Luckily, it was Tundra cold in the van when I woke up at around 7am, and I was also desperate for a wee (it feels like this is going to be a recurring theme), so I was up, showered and – after cheffing up a bacon, egg and low fat Philadelphia butty which was truly delicious if not nutritious – I was mentally and physically ready to face the day, and the work.
Film set 1
I’d arrived after dark the night before, and the park ranger had seemed pretty keen to check me in as quickly as possible and just dished out an info pack without taking me through any key details, such as the code for the loos. This didn’t bother me wildly as I’ve always been a fan of an info pack, probably originating from when we used to get bumper holiday packs from Eurosites when we went on our holidays to France as kids. Similarly, in my job as a producer, the highlight of going onsite is undoubtedly getting a crew pack through with every single piece of information you could possibly dream of.
Anyway, I studied said campsite info pack thoroughly and noted that, rather progressively, they had actual WiFi in the camp lodge. “Excellent!” thought I.
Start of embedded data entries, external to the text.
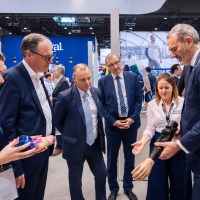 Messebesucher im Anzug betrachten eine moderne Armprothese, die von Ausstellern präsentiert wird. Messebesucher im Anzug betrachten eine moderne Armprothese, die von Ausstellern präsentiert wird.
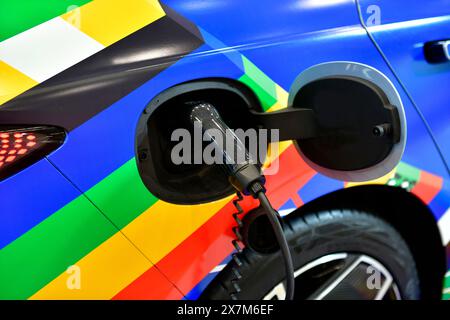 Electric Vehicle charging in station with power supply plugged into an electric car being charged. Stock Photo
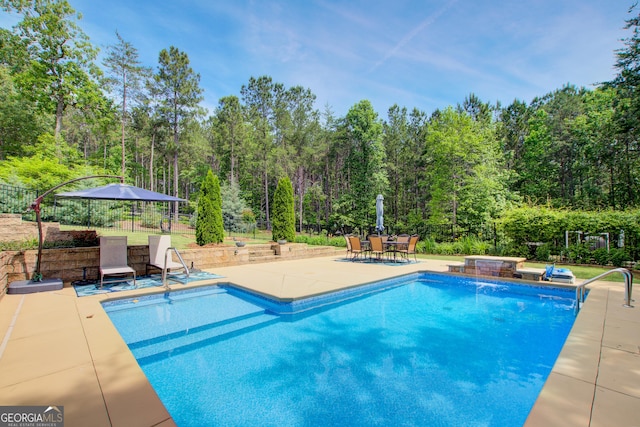 outdoor pool featuring a patio area, fence, a hot tub, and a wooded view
So off I popped, arriving at the 9am opening time on the nose to set up my digital camp for the morning.
I was not disappointed.
I’d walked into 1989, or more specifically, Murder, She Wrote in 1989. The rush of excitement was unbearable, and heightened further when the camp Hallowe’en committee descended en masse at about 9.30am and started dragging out plastic animal carcasses from wall panels concealed by a fetching array of textured pastel wallpapers from FADS or similar.
The quality of committee chat was so good, it’s my first regret of the trip that I didn’t secretly record it. It was effectively a board meeting to distinguish acceptable levels of terror to instil in children, determined and qualified only by their own (distant) memories of what was ‘spooky’ when they were kids.
It was also a flawless premise to an actual episode of Murder, She Wrote. My mind was in overdrive. Within five minutes, I’d cast myself in as a prime witness and by default, possible murderer.
Needless to say, I struggled to get any work done until the excitement had died down and didn’t end up wrapping things up until 1.30pm. By this point, I’d had a lovely little chat with some of the committee members, and had also elicited that not only did they have WiFi here, they also had Uber. My plans of driving out to Healdsburg that afternoon swiftly changed to ones of wineries and alcohol.
I swiftly returned to Oliver for a light lunch and to switch up the leggings and sports bra vibe for a floaty dress and lipstick.
Uber does not service Cloverdale on a Sunday afternoon.
Dolled up and ready to pounce all over Wine Country, I sauntered over to the lodge to book the Uber.
There were no cars in my area.
I returned to Oliver.
Change of plan and accidentally attempting to purchase a bong.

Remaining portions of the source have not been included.